Background information
- Born: 15 February 1945 (age 81) Todmorden, West Riding of Yorkshire, England
- Genres: Progressive rock, pop, jazz, blues
- Occupation: Musician
- Instruments: Saxophone; clarinet; vocals; keyboards;
- Website: johnhelliwell.com

= John Helliwell =

English musician (born 1945)

John Anthony Helliwell (born 15 February 1945 in Todmorden, West Riding of Yorkshire) is an English musician, best known as the saxophonist, secondary keyboardist, backing vocalist, and whistling for the progressive rock band Supertramp. He also served as an MC during the band's concerts, talking and making jokes to the audience between songs.

Helliwell played with The Alan Bown Set, replacing Dave Green when he joined in January 1966, before joining Supertramp in 1973 along with bassist Dougie Thomson, who convinced Helliwell to make the move. In 2004, Helliwell formed the band Crème Anglaise with Mark Hart, who had joined Supertramp in 1985. This group recorded their eponymous debut album in 2005.

In 1987 Helliwell played on Pink Floyd's album A Momentary Lapse of Reason; his name was misspelled as "Halliwell". This was after Pink Floyd guitarist David Gilmour had played on Supertramp's album Brother Where You Bound.

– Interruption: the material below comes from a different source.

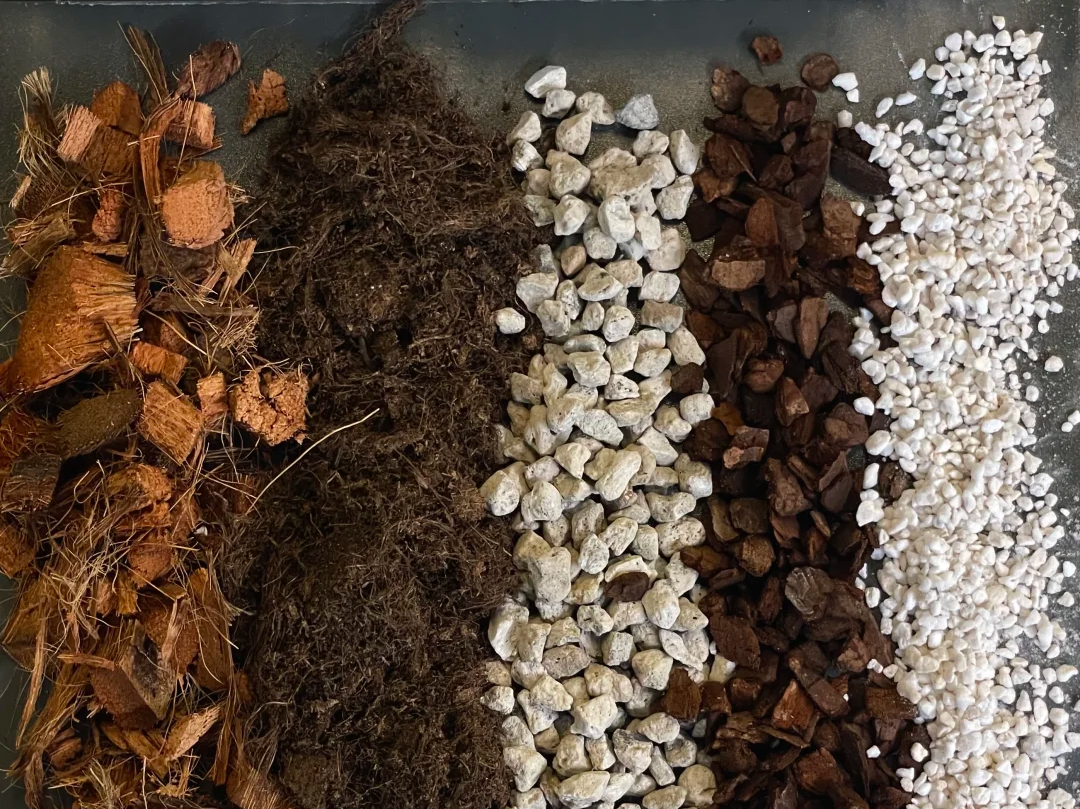 What Kind of Air-Permeable Substrate Suits Orchids, Pothos, and Foliage Plants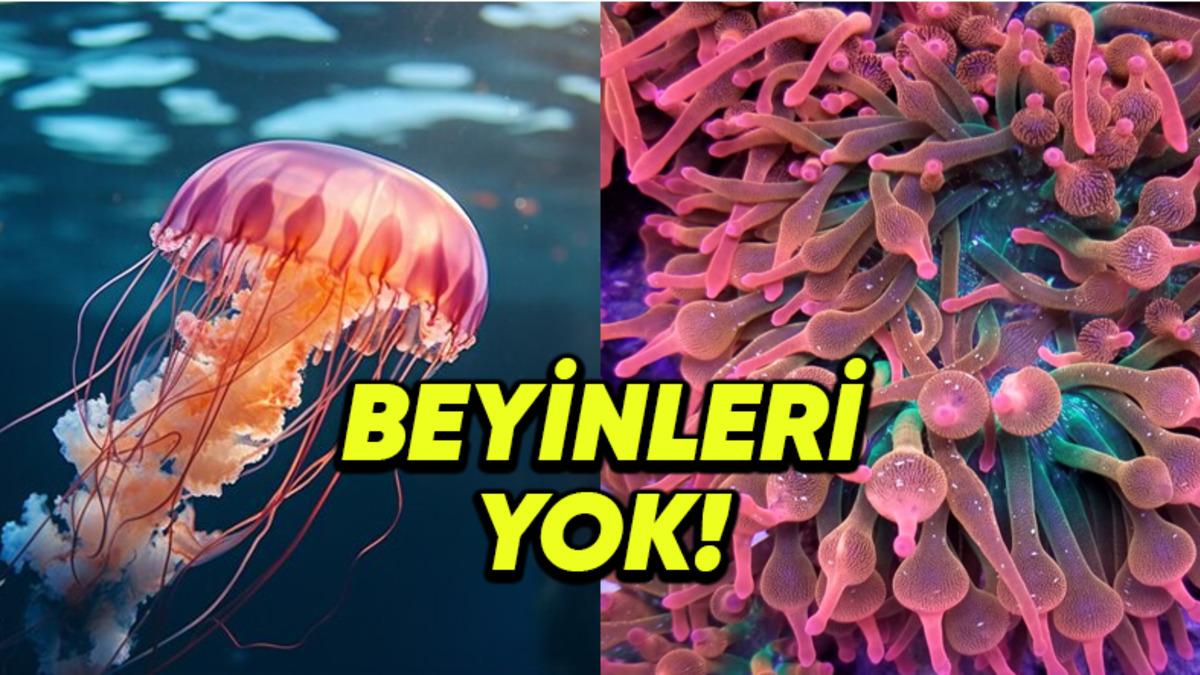 Beyni Olmadan Yaşayabilen Bu 7 Canlının Sahip Olduğu Yetenekleri Öğrenince Ağzınız Açık Kalacak!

Helliwell also played on French singer Jean-Jacques Goldman's 1985 album Positif, and clarinet on Sara Hickman's 1990 album Shortstop as well as the saxophone parts on the single version of Thin Lizzy's 'Dancing In The Moonlight'.

During a professional lull in the 1990s, Helliwell began studying for a music degree at the Royal Northern College of Music in Manchester, but he discontinued his studies to join Supertramp on tour when Some Things Never Change was released. In 2004 he contributed saxophone work on the Simon Apple album River to the Sea.

Helliwell contributed clarinet to The Pineapple Thief's song "Fend For Yourself" from their Your Wilderness album which was released in 2016.

Helliwell fronts the Super Big Tramp Band, which has a jazz big band line-up of trumpets, trombones, saxophones and rhythm section. It plays versions of Supertramp tunes, arranged by members of the band, with no vocals, but with Helliwell as the chief soloist. The band first played in Manchester in June 2013. In 2019 the band played at the Manchester Jazz Festival in May and was scheduled to play in Hull and Hamburg later in the year.

In October 2020, Helliwell released Ever Open Door, a CD album of ballads with Helliwell on saxophone and clarinet, with a string quartet and Hammond organ.